Data Versioning in SQL - MySQL #36

akash-coded · 2023-08-07T16:19:14Z

akash-coded
Aug 7, 2023
Maintainer

Data versioning, also referred to as data version control or data version history, is a mechanism that helps to keep track of different versions of data. It's like 'track changes' in Microsoft Word or 'version history' in Google Docs, but for databases. In a data versioning system, all changes to the data are recorded with information like when the change was made and who made the change. This provides a way to revert back to any previous state of the data, which is very important when dealing with complex databases and systems.

Why is Data Versioning Important?

Data Recovery: If any data gets deleted or corrupted accidentally, data versioning allows us to revert back to the correct version. It acts as a safety net, protecting against data loss.
Audit Trail: It helps in maintaining an audit trail for data. An audit trail is crucial in many industries for compliance with regulations, accountability, and transparency.
Historical Analysis: It provides the ability to analyse historical data, see how data has changed over time and find trends and patterns.
Conflict Resolution: In multi-user environments, data versioning helps to resolve conflicts when multiple users are editing the same data concurrently.
Reproducibility: In data analysis or data science projects, reproducibility is crucial.
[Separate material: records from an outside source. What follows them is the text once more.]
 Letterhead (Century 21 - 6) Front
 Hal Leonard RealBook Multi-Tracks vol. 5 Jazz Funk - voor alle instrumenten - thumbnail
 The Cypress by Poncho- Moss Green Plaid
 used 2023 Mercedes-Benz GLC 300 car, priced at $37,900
With data versioning, you can always reproduce the results because you can recreate the exact state of the data at any point in time.
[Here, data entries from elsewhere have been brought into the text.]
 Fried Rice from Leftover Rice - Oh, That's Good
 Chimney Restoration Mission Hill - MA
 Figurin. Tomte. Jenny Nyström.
Here are some examples where data versioning can be very useful:

Example Scenario - 1: Managing Product Prices

In an e-commerce company, product prices often change over time due to discounts, promotions, changes in cost, etc. When analysing sales data, it is important to know the price of the product at the time of each sale. If you only keep the latest price in the database, you lose the historical price information.
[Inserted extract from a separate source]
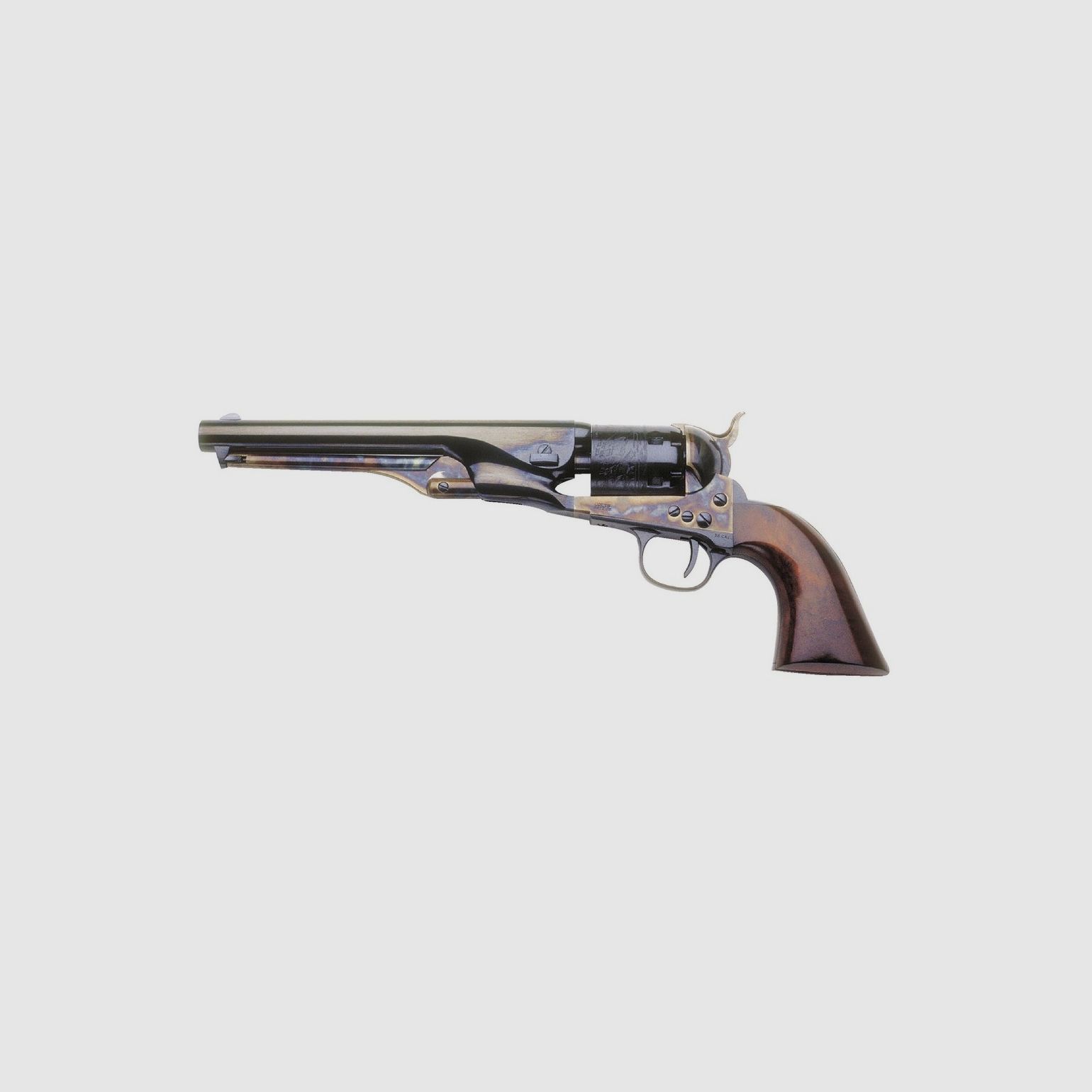 Revolver Uberti 1861 NAVY 36 7"1/2 Griff IVOIRE Schwarzpulver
Here, data versioning can be very useful. We can maintain a product_prices table with columns product_id, price, valid_from, and valid_to. When a price changes, instead of updating the price, we insert a new row with the new price and the current date as valid_from. The valid_to of the previous price is updated to the current date.

This way, for each sale, we can find the product price at the time of the sale by joining the sales table and the product_prices table on product_id and the date of sale between valid_from and valid_to.

Scenario 38: Tracking Changes in Customer Information

Consider a CRM system where customer information like name, address, contact number, etc. is stored. This information can change over time. For example, a customer may move to a new address or change their contact number.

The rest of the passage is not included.